|May 22, 2012|
Previously published on May 2012
On May 16, 2012, the Small Business Administration issued a proposed rule implementing portions of the Small Business Jobs Act of 2010. See 77 FR 29130-29165 (May 16, 2012). The lengthy rule covers many areas of the regulations governing small business contracting, with a particular focus on multiple award contracts. The proposed changes will impact virtually every small business government contractor. Comments are due on or before July 16, 2012.
While the rule covers many topics, several notable highlights include the following:
Set-Asides, Partial Set-Asides and Reserves for Multiple Award Contracts
The proposed rule would give agencies the discretion to award multiple award contracts with a reserve, partial set-aside, or other commitment to set aside individual orders for small businesses. Significantly, the SBA proposes to include GSA schedule contracts within the broad definition of “multiple award contract,” which would expressly allow small business set-asides and the application of the “rule of two” within the GSA schedule program. (§125.1(k)).
Where the “rule of two” is met, agencies are already required to set aside a contract for small businesses. However, if the “rule of two” is not met, then the agencies will have the discretion under the proposed rule to use one of the following tools: partially set aside portions of the multiple award contract for small businesses, reserve one or more contract awards for small businesses under the multiple award contract, or set aside orders for small businesses where the "rule of two" is met for a specific order (despite the general requirement to give all IDIQ contract holders a “fair opportunity” to compete for each order).
While the rule would establish a process for agencies to consider using these tools to increase opportunities for small businesses, they would not be mandatory. However, if an agency decides not to use them, it must document its rationale.
Size Protests and NAICS Code Appeals
The proposed rule would expressly allow protests challenging the size of an apparently-successful offeror for orders awarded under partial set-asides and allow reserves of multiple award contracts and set-asides of orders under multiple award contracts. (§121.1004).
In addition, the SBA proposes to allow parties that want to be considered small for a procurement to appeal an agency’s NAICS code designation on a solicitation issued on an unrestricted basis. (§121.1103).
Under current SBA Office of Hearings and Appeals jurisprudence, NAICS appeals are limited to solicitations issued on a set-aside basis. If the appeal is successful, and the new NAICS code increases the size standard, it is likely that at least two or more small business concerns could compete for the work, which would then require the agency to set the procurement aside for small businesses under the "rule of two."
SBA’s proposed change would significantly increase the opportunity for small businesses to challenge the size standard associated with a procurement and improve their chances of competing for a contract on a set-aside basis.

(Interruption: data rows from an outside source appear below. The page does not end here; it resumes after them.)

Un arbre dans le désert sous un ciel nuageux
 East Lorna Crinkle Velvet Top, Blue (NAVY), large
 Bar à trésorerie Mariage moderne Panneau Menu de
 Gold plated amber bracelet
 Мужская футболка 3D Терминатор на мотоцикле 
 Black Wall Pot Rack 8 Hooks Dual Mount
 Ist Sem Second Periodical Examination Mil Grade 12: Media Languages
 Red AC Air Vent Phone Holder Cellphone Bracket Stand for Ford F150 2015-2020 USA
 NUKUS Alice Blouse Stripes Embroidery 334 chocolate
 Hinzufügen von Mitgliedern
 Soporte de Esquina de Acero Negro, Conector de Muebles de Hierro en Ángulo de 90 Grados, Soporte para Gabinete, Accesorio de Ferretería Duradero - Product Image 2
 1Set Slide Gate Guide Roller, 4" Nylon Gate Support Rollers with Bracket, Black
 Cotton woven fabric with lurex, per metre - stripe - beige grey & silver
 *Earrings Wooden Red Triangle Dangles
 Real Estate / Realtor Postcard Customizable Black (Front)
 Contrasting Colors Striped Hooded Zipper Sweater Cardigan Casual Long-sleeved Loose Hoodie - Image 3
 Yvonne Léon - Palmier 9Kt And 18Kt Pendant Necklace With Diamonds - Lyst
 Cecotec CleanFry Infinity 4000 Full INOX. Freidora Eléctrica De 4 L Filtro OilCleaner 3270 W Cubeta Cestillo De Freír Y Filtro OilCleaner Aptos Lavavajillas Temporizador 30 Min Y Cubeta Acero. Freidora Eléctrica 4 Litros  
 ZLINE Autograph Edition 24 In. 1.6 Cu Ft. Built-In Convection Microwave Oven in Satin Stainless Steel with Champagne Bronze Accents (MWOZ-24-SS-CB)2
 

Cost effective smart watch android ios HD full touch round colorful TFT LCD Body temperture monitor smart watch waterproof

These chances would also increase since the SBA is proposing to require separate NAICS codes for individual orders under multiple award contracts (§125.2(e)), which would expand the potential for NAICS code appeals.
New Recertification Requirements
Under existing regulations, a contractor is required to recertify its size status whenever there is a novation, or a merger or acquisition where no novation is required. Recognizing that the current rules are not entirely clear whether both the acquired and acquiring concern need to recertify, the SBA proposes to require recertification from both the acquired concern and the acquiring concern if each has been awarded a contract as a small business. The rule would also require recertification from a joint venture that has been awarded a contract as a small business when there is a novation, acquisition or merger, and the acquired, acquiring or merged concern is a participant in the joint venture. To the extent there was any uncertainty, this rule would ensure that a small business “acquiring” concern must consider the immediate implications of acquiring or merging with another concern, as it would have to recertify within 30 days. (§121.404).
In addition to recertifying size after a novation, merger or acquisition, the proposed rule would also require Service-Disabled Veteran-Owned, HUBZone and Woman-Owned Small Business concerns to recertify their respective status after a novation, merger, or acquisition. This rule would impact situations when the sale, merger or acquisition of a company may not change the size of the concerns, but may affect a concern’s continuing eligibility in one of the programs due to a change, for example, in direct ownership or control. The implications of a recertification of status would thus also have to be considered prior to any sale, merger or acquisition.
Certificate of Competency Program
The proposed rule would extend SBA’s Certificate of Competency Program not only to multiple award contracts, but also orders issued against multiple award contracts where the agency uses a small business offeror’s capacity or credit for purposes of determining suitability for award. (§ 125.5). This rule would mean that the contracting officer would have to refer a small business concern to the SBA for a Certificate of Competency if it denies the award of a task or delivery order on the basis that the small business is non-responsible, even if the next apparently- successful offeror is also a small business.
“On Ramp” Provision
The proposed rule encourages agencies to consider adding an “on ramp” provision in multiple award contracts that would permit the agency to “refresh” the number of small business contract holders, as those numbers may diminish over time due to size changes. (§125.2(e)). Inclusion of such a provision would increase the opportunity for small business contractors to compete for task orders on large, multiple award contracts if they were unable to compete under the original multiple award contract solicitation (and possibly those that were unsuccessful during the first competition).